Однако, прошла неделя, две, даже на тюремном рационе мне становилось легче, я постепенно приходил в себя, хотя, конечно, ни на какую прогулку ходить был не способен. Но в тюрьме уже стало известно, в какой я камере и в то время, когда соседи были на прогулке, мне постучали из соседней камеры и по кружке сказали, что соседи у меня неподходящие и сидеть с ними в одной камере не следует. К этому времени я уже и сам стал способен говорить, расспрашивать, сам что-то рассказывать. У нас установились довольно хорошие отношения и постепенно выяснилось, что один из соседей был какой-то мутный, с сомнительной репутацией, а второй — крупный, черноволосый, очень симпатичный девятнадцатилетний парень был изнасилован своими соседями за то, что оставленный дневальным, когда вся камера ушла на прогулку, не смог от сосущего голода сдержаться и съел чьи-то пайки, да еще запил водой с общественным сахаром. Несчастному парню я скорее сочувствовал и не знаю как бы отнесся к рекомендации воров, сидевших в соседней камере (хоть мне это, конечно бы сильно усложнило жизнь и сделало ее в тюрьме очень запутанной), но, к счастью, все стало на свои места. Люди в таком положении, как этот мой сосед, очень зависимы от администрации, что им скажут, то они вынуждены и делать — ведь теперь их можно превратить совсем в тряпку.

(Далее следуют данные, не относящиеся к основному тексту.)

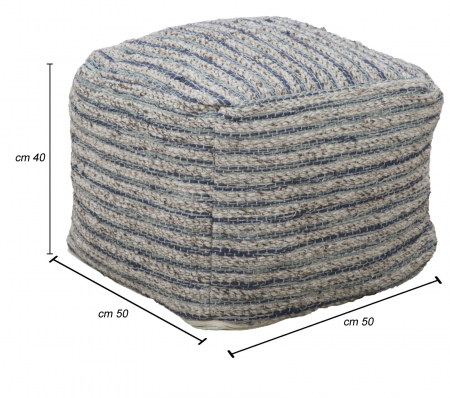 Puf decorativ lana accente albastre stil etnic CreativDeco [6]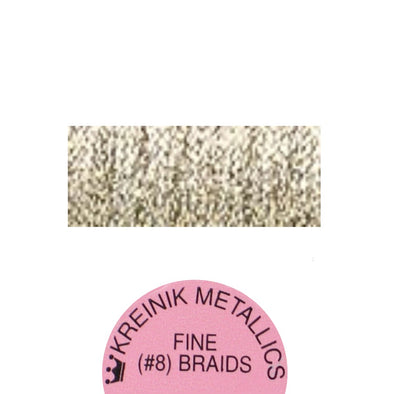 Kreinik Metallic #8 Braid   017HL White Gold Braid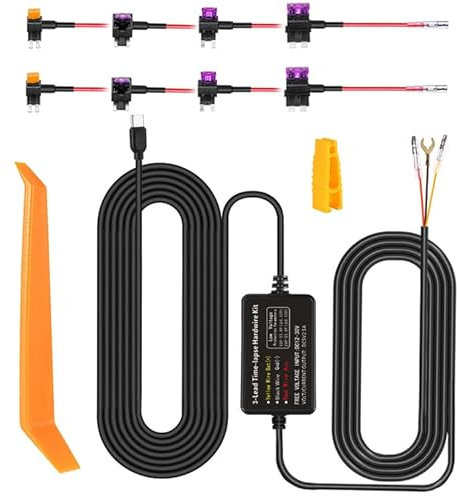 Dashcam-Hardwire-Kit 11ft/335cm,ur für Q20/ Q20S / Q23 Serie,12V-24V,Typ-C-Anschluss,Acc, 24 Stunden Parküberwachung,Niederspannungsschu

Но провинциальное верхнеуральское начальство было явно озабочено тем, как же меня окончательно доломать, заставить сдаться. И однажды, вернувшись от «кума» мой сосед честно мне рассказал, что написал под диктовку заявление о том, что был со мной знаком в Ленинграде, где я ему давал для распространения какие-то антисоветские листовки и платил ему за это. Но он деньги у меня брал, а листовки не распространяя прямо пачкой бросал в урну, а поэтому не знает их содержания. И кроме того я ему поручал торговать какими-то картинами в золотых рамах. Все это было убого, смешно, но в то же время опасно, а у меня уже хватало сил постоянно писать жалобы в прокуратуру и требовать, чтобы меня перевели в другую камеру — без провокаторов.
Еще около недели они поразмышляли, может быть дали мне еще немного поесть относительно нормальной еды, но потом охранник мне сказал «с вещами» и повел, правда не в другую камеру, а опять в карцер, правда не такой холодный, как был первый. И начался мой год в Верхнеуральске, где каждый месяц двадцать дней я проводил в камере (всегда новой для меня) после чего десять — в карцере. В каком порядке шли эти десять очень разных и всегда трудных, как все новые камеры, я уже не помню. Меня ни разу, как потенциального дезорганизатора не поместили в довольно крупную рабочую камеру. Тюрьма была заинтересована в трудовых показателях и ни воров, ни меня, ни еще двух-трех наиболее неподатливых заключенных в рабочие камеры не сажали. Меняли для них камеры на двоих, на троих (чтобы не было стабильных связей), карцеры (чаще всего для меня) и это была особая сфера интересов начальства.
Впрочем, бывали в тройниках (но недолго) и те, кто обычно был в рабочих камерах, так что и о них можно было узнать много интересного. Вообще же в тюрьме все обо всех знали.